Short text fragments from websites:
● ● ● ● ● ● ●
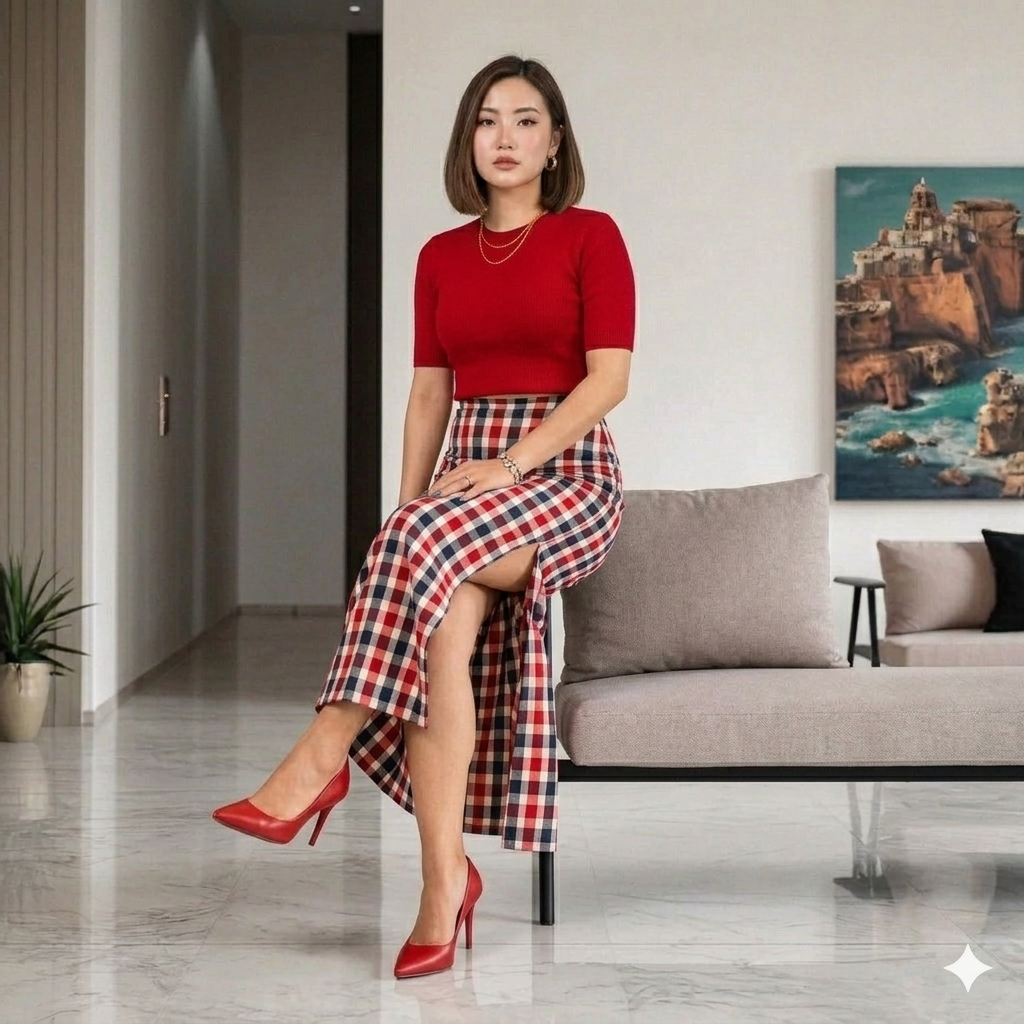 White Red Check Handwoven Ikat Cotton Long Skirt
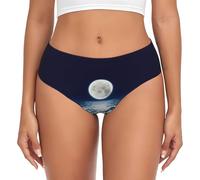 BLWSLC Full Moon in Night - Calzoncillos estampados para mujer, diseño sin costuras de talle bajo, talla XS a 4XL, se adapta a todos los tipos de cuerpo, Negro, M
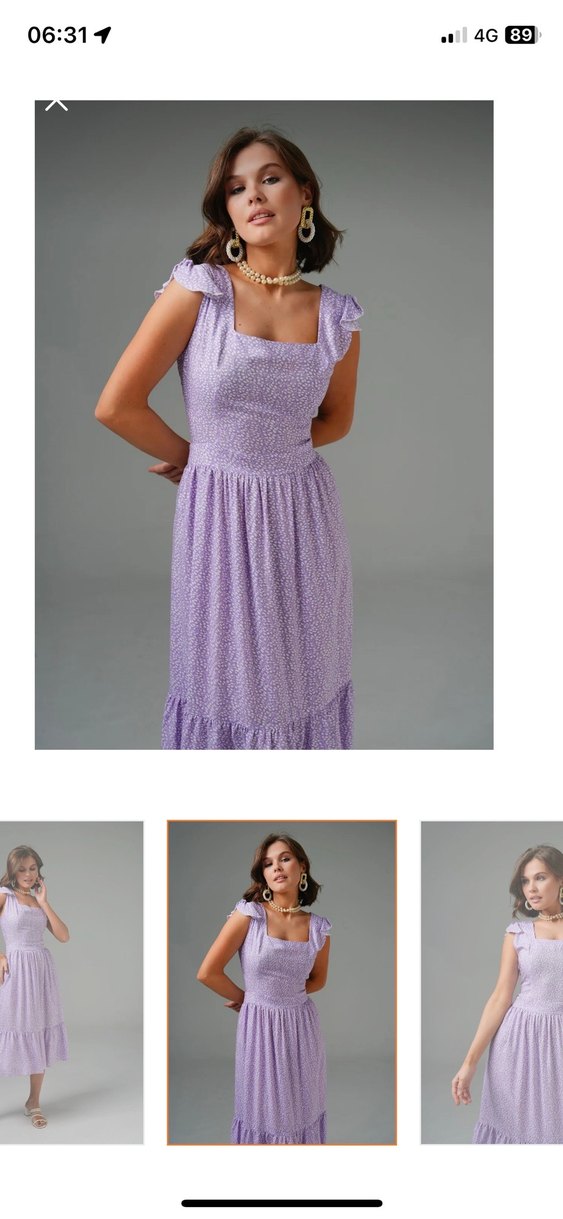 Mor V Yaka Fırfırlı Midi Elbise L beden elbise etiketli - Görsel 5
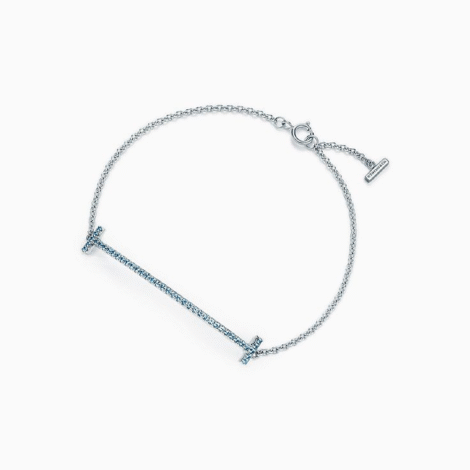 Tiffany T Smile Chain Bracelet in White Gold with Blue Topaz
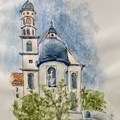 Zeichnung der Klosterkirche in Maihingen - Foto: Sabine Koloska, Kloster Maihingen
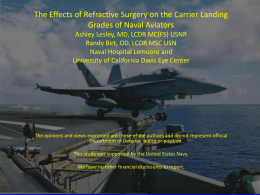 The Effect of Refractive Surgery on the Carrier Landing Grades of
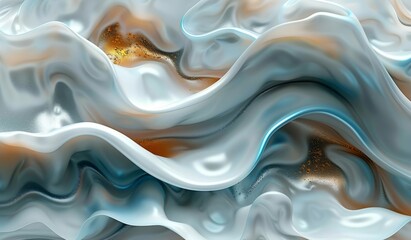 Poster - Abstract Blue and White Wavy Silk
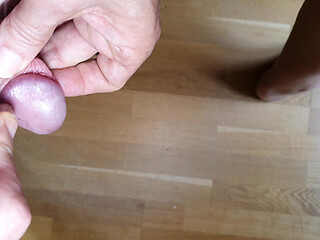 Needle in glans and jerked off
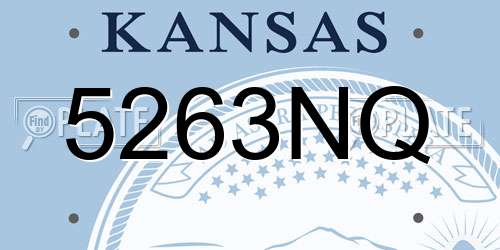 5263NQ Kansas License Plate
● ● ● ● ● ● ●
* WHAT THE EXERCISE ASKS *
Return exactly, with no pictures, each line from the one that contains "Poster - Abstract Blue and White Wavy Silk" through the end of the entries above, both ends included.

* RESULT FOR THIS TASK *
 Poster - Abstract Blue and White Wavy Silk
 Needle in glans and jerked off
 5263NQ Kansas License Plate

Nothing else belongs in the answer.